● Work to complete
Tally up the lines below that include the word "featuring". Answer with the number alone.

(Stored data entries)

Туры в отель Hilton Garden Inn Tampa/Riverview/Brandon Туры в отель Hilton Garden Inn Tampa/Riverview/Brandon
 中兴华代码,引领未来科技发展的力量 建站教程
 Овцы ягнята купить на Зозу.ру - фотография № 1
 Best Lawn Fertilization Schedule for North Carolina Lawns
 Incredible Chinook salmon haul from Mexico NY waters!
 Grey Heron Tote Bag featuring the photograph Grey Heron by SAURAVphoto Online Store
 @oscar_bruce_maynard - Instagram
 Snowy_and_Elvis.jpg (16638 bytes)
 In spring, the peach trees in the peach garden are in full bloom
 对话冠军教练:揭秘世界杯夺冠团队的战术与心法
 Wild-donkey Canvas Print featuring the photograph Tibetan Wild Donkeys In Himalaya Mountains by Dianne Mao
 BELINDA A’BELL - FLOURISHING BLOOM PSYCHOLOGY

● Answer for the task
2